WHAT THE TASK ASKS: Starting at the line with "车圈与汽油与空气净化器模型的区别", repeat every line exactly until the records end, including the last one.

[Dataset records]

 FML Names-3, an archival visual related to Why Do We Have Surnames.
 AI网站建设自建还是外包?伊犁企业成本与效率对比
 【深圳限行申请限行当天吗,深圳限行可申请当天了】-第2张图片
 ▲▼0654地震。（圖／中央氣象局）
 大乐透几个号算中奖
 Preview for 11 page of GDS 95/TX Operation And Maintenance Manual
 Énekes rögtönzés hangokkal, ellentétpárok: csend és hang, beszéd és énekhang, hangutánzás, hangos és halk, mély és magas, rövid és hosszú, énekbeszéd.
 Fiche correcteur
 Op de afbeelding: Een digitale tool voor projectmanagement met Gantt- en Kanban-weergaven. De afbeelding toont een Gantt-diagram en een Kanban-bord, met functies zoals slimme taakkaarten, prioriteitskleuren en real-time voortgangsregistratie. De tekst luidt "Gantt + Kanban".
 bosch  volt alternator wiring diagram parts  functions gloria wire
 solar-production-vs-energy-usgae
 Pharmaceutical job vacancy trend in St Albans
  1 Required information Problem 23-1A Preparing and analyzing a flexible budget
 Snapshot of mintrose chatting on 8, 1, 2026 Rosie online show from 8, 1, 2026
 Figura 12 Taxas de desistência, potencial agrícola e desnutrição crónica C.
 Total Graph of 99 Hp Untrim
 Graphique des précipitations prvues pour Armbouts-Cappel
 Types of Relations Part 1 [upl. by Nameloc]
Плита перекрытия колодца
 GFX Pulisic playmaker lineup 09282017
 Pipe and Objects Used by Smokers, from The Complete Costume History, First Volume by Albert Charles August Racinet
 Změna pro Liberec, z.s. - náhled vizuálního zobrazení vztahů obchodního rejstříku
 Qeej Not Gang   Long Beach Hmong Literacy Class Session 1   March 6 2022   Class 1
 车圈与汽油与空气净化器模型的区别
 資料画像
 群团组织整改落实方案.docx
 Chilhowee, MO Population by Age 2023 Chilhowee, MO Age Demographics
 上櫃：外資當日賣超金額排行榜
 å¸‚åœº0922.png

OUTPUT FOR THIS EXERCISE:
 车圈与汽油与空气净化器模型的区别
 資料画像
 群团组织整改落实方案.docx
 Chilhowee, MO Population by Age 2023 Chilhowee, MO Age Demographics
 上櫃：外資當日賣超金額排行榜
 å¸‚åœº0922.png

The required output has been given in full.